- North American box art
- Developer: Syn Sophia
- Publisher: Nintendo
- Directors: Yurie Hattori Kensuke Suzuki
- Producers: Hitoshi Yamagami Hiromasa Tsujii Syuji Yoshida
- Programmers: Satoshi Nakazato Yoshiiro Hayashi
- Composers: Asuka Ito Toshiyuki Sudo Daisuke Shiiba
- Platform: Nintendo 3DS
- Release: JP: September 27, 2012; NA: October 22, 2012; EU: November 16, 2012; AU: November 17, 2012; KOR: September 12, 2013; Wagamama Fashion: Girls Mode Yokubari Sengen! Tokimeki Up! JP: April 17, 2014;
- Genre: Simulation
- Modes: Single player, multiplayer

= Style Savvy: Trendsetters =

2012 video game

Style Savvy: Trendsetters, known as Nintendo presents: New Style Boutique in the PAL region, as in Japan, is a fashion video game developed by Syn Sophia and published by Nintendo and a sequel of the Nintendo DS game Style Savvy. It was released for the Nintendo 3DS on September 27, 2012 in Japan, on October 22, 2012 in North America and November 16, 2012 in Europe.

An updated version, was released for retail in Japan on April 17, 2014. In January 2015, Nintendo officially announced the third installment in the series, Style Savvy: Fashion Forward, to be released in the following April in Japan.

==Gameplay==
Style Savvy: Trendsetters is a fashion simulation game that primarily involves selecting clothing for customers as per their needs and being a fashion superstar. The game's city is accessed from an ever-expanding map, allowing the player to access their apartment, purchase new clothes and accessories from the Exhibition Hall, change their hairstyle and makeup, purchase new furniture, access their store, participate in competitions and access various locales with the purpose of activating certain events between characters. One addition to this sequel is the introduction to various choices of men's fashion.
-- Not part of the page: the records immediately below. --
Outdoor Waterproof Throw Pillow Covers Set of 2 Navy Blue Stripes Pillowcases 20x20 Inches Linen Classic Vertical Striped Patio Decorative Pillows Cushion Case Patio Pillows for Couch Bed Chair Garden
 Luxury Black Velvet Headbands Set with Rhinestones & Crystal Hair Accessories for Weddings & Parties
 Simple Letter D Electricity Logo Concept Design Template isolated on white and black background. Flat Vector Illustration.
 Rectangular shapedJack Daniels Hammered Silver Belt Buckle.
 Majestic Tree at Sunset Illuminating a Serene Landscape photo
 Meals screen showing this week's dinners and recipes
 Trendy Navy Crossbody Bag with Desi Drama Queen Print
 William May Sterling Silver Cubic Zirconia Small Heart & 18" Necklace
The game also makes use of the various Nintendo 3DS features. An in-game screenshot function is supported, allowing players to take photos of a scene from the top screen at any time, saving the image as a 3D or 2D screenshot. These screenshots can then be exported to the SD card and can be viewed via the Nintendo 3DS Camera software. AR Photo Op is an additional mode which utilises the ? AR card packaged with the system to take augmented reality photographs using characters and props from the game. The Nintendo Network allows players to connect to the Fashion Plaza, where they can create and access others' Web Shops. The player's Web Shop allows them to customise the front of their store and create three outfits to sell to others, garnering additional money in-game. StreetPass is utilised to exchange Stylist Cards, which contains personalised information about the player's character and offers a link to the player's Web Shop. Using the Nintendo 3DS wireless local play, players can compete with up to three other players in a Wireless Fashion Show which pits players against one another to create an outfit that best matches a particular theme or style. Unlike the first game which was played vertically, Trendsetters and later games are played by holding the 3DS system horizontally.